The proposed ordinance that the City Council unanimously passed during the formal meeting was based on recommendations from the City's Health & Safety Commission. With the first reading from February 18 passing the ordinance, e-cigarettes are now treated like regular cigarettes and other tobacco-based products. Specifically, residents are not allowed to smoke e-cigarettes in or within five feet of open-air dining areas.
The City Council also decided to add an amendment to Section 8-1-7 of the Beverly Hills Municipal Code, where the rule against smoking in city parks and recreational facilities was extended to include e-cigarettes. In addition, e-cigarettes were also prohibited by the new ordinance from use inside of workplaces, city buildings, playgrounds and city vehicles pursuant to
Retailers of e-cigarettes and related products would have to apply for valid permits that allow the sale of tobacco products under the new rules.
The FDA had previously stated its own concerns about e-cigarette use, stating in a public bulletin from July 2009 that its concerns are based off of the minimal amount of studies submitted to the FDA that would allow it to examine the possible effects of e-cigarette use. The fear of having young people being led to try out real tobacco products like cigarettes after experimenting with an e-cigarette was also a cause of concern for the agency.
The Arts, Parks, Health, Aging and River Committee recommended to the Los Angeles City Council on February 24 an ordinance very similar to the one passed by the Beverly Hills City Council.
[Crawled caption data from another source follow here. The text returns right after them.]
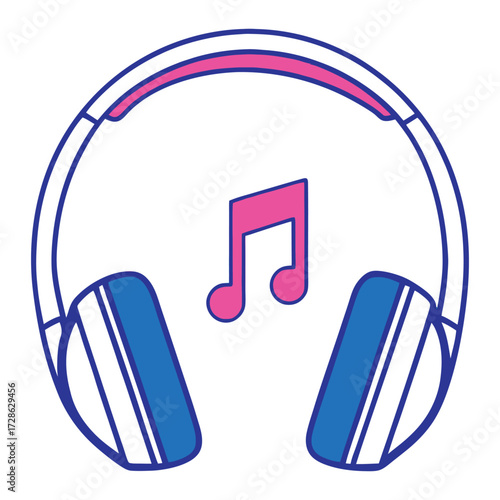 Headphones and musical note icon for music production and audio recording services 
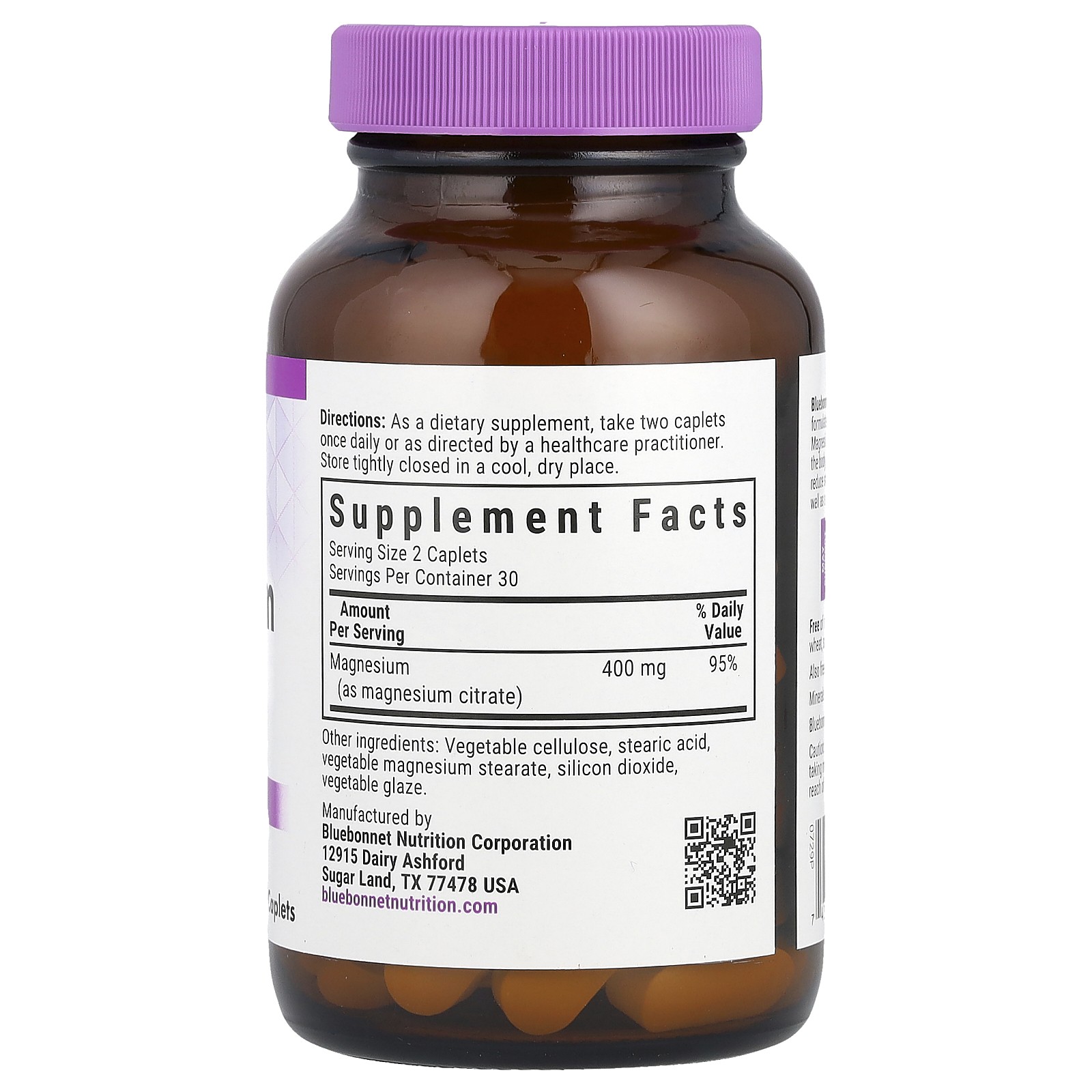 Magnesium Citrate, 400 mg, 60 Caplets (200 mg per Caplet)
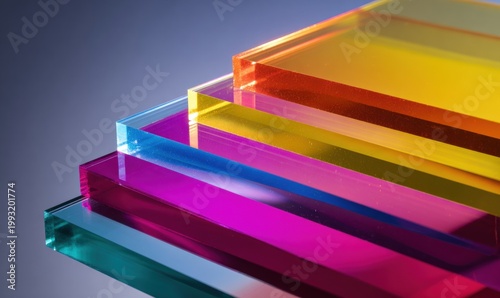 Stacked translucent colored acrylic sheets in vivid rainbow tones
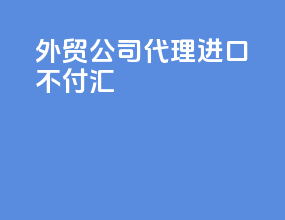 外贸公司代理进口不付汇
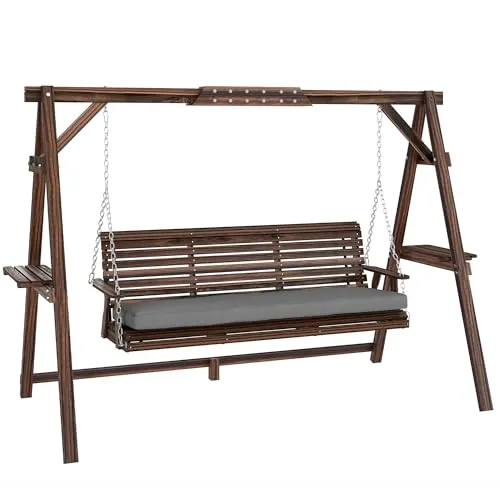 Hollywoodschaukel 3-Sitzer aus Tannenholz mit Kissen - Stilvolle Hollywoodschaukel für 3 Personen, aus robustem Tannenholz, inklusive komfortablen Sitzpolstern. Perfekt für entspannte Stunden im Garten oder auf der Terrasse.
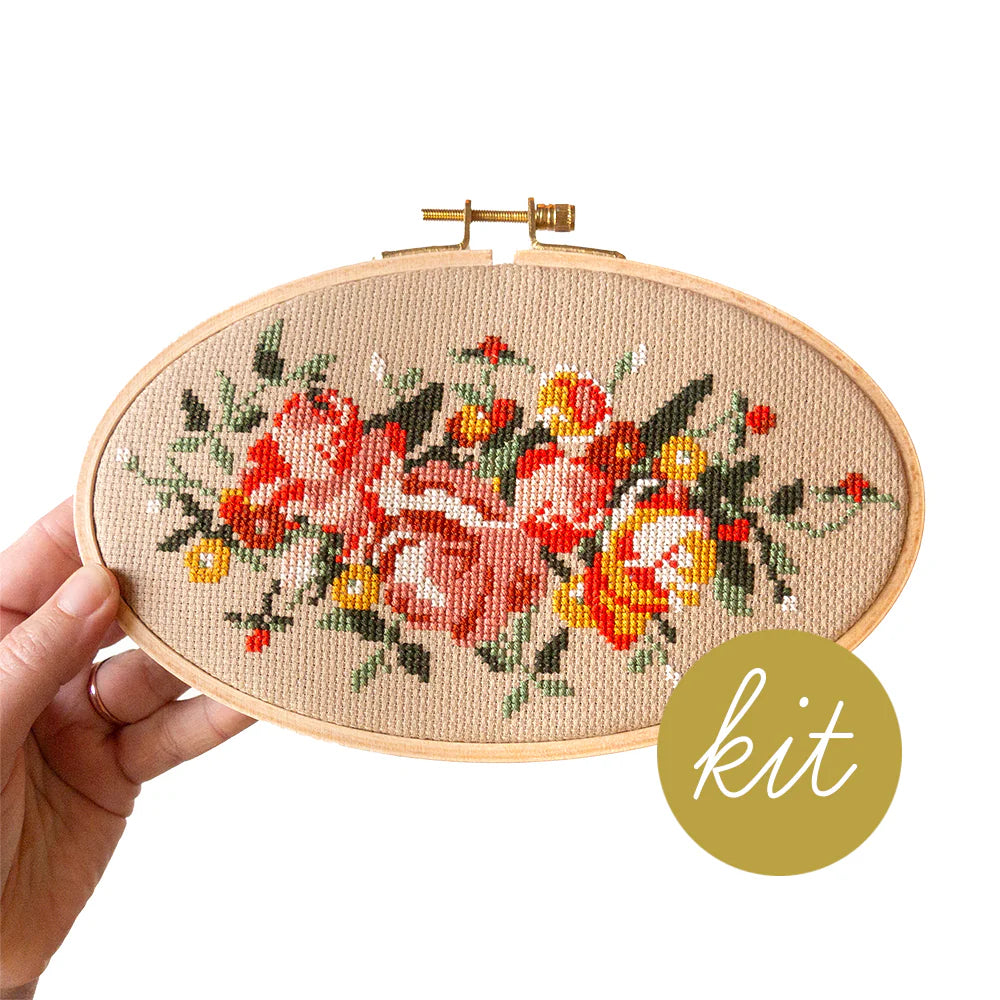 Junebug & Darlin - 5"x8" Oval Cross Stitch Kit - Rosy Chaos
The ordinance included an amendment by Councilman Mitch O'Farrell that would exempt vaping lounges and film sets in the city from the regulations of the ordinance.
Proponents like the Consumer Advocates for Smoke-Free Alternatives Association claim that e-cigarettes actually help smokers by being healthier substitutes to regular cigarette smoking.
A study from the Drexel University School of Public Health, published on January 24 found that the common concerns of e-cigarette use, including the inhaling of such chemicals like ethylene glycol and diethylene glycol, were overestimated, saying that the fear around the devices had the tendency to “exaggerate their implications.”
“This conclusion notwithstanding the benefits of tobacco harm reduction, since there is value in understanding and possibly mitigating risks even when they are known to be far lower than smoking,” states the research paper.